= James Bainham =

English lawyer and Protestant martyr

James Bainham (died 30 April 1532) was an English lawyer and Protestant reformer who was burned as a heretic in 1532.

==Life==
According to John Foxe he was a son of Sir Alexander Bainham, who was sheriff of Gloucestershire in 1497, 1501, and 1516; and a nephew of William Tracy. He was a member of the Middle Temple, and practised as a lawyer. He married the widow of Simon Fish, author of the Supplication of Beggars. In 1531 he was allegedly accused of heresy to Sir Thomas More, then Lord Chancellor of England. John Foxe alleges that More imprisoned and flogged Bainham in his house at Chelsea, and then sent him to the Tower of London to be racked, in the hope of making him name names. This, however, is doubted by later historians.

On 15 December he was examined before John Stokesley, Bishop of London, concerning his belief in purgatory, confession, extreme unction, and other points. His answers were couched in words of Scripture, but were not satisfactory to the court, who believed that his approval of the works of William Tyndale and John Frith (whose books he possessed) was evident. The following day, being threatened with sentence, he partially submitted, pleading ignorance, and was again committed to prison. In the following February he was brought before the bishop's chancellor to be examined as to his fitness for readmission to the church, and after considerable hesitation abjured all his errors, and, having paid a fine and performed penance by standing with a faggot on his shoulder during the sermon at Paul's Cross, was released.

Within a month, however, he openly withdrew his recantation during Mass at St. Austin's Church. He was apprehended and brought before the bishop's vicar-general on 19 and 20 April. One of the articles alleged against him was that he asserted Thomas Becket to be a thief and murderer. He was sentenced as a relapsed heretic and burned at Smithfield on 30 April 1532. In the Calendar of State Papers of Henry VIII there is a contemporary account of an interview between him and Hugh Latimer, the day before his death. Robert Demaus records that conversation. He writes that Bainham informed Latimer of the articles for which he was dying.

"Bainham recapitulated the articles.
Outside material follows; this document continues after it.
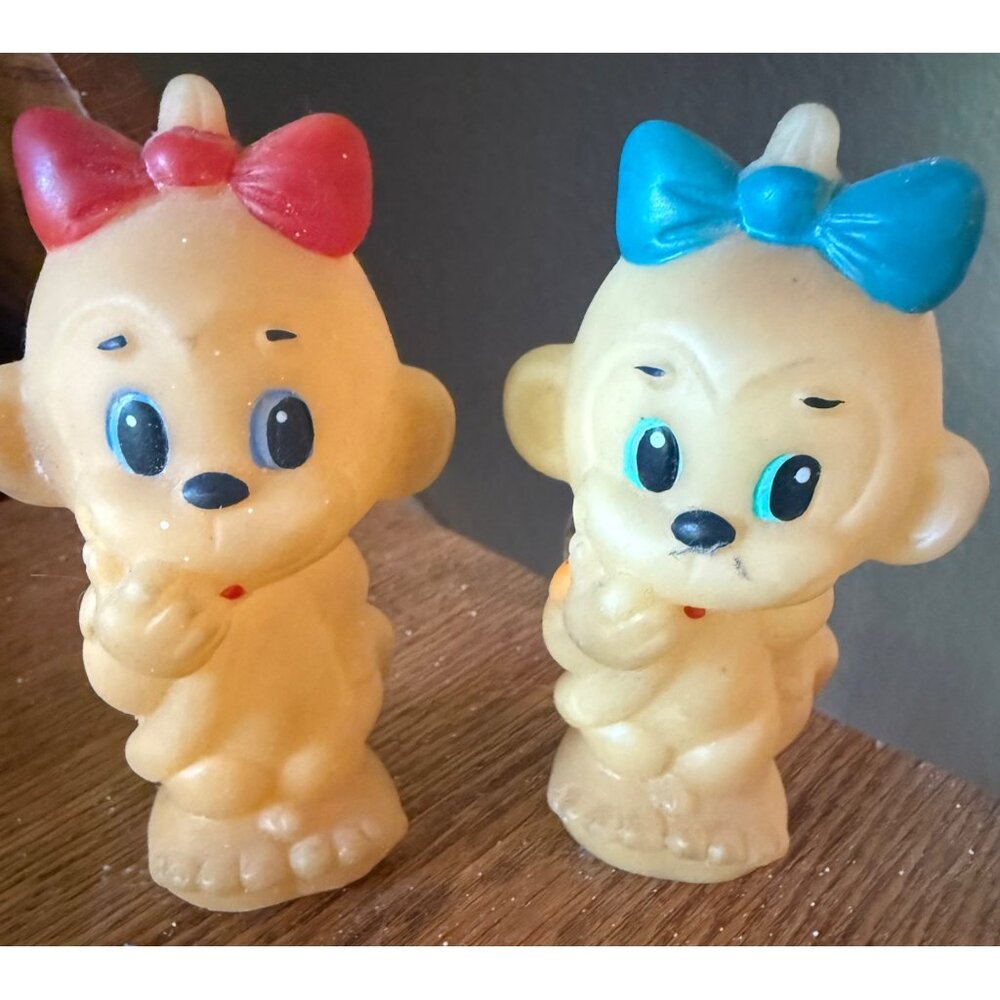 Vintage Soviet-era Rubber Monkey Figurines With Red & Blue Bows Soft Toy Squeaky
He had spoken of Thomas-à-Becket, the great patron saint of the South East of England, as a traitor. 'That,' said Latimer emphatically, 'is no cause at all worthy for a man to take his death upon.' 'I spoke also against purgatory,' Bainham proceeded, 'that there was no such thing; but that it picked men's purses; and against satisfactory masses' (i.e., against the doctrine that the mass was an atonement or sacrifice for sins). 'Marry,' said Latimer, ' in these articles your conscience may be so stayed, that you may seem rather to die' [i.e., it may seem your duty rather to die] 'in the defence thereof, than to recant both against your conscience, and the Scriptures also. But yet beware of vain-glory; for the devil will be ready now to infect you therewith, when you shall come into the multitude of the people.' After thus cautioning him against the imaginary danger of sacrificing his life simply out of pure vanity, Latimer encouraged him to take his death quietly and patiently. Bainham thanked him heartily, and having doubtless perceived Latimer's own weak point, he added, 'I likewise do exhort you to stand for the defence of the truth; for you that shall be left behind had need of comfort' [strength] 'also, the world being so dangerous as it is'; and so spake many comfortable works to Latimer. After some further converse they departed; and the next day (April 30) Bainham was burned, constant and undaunted to the end."

==In modern fiction==
Bainham was a character in the "Anna Regina" episode of the Wolf Hall miniseries made in 2014, and was played by Jonathan Aris.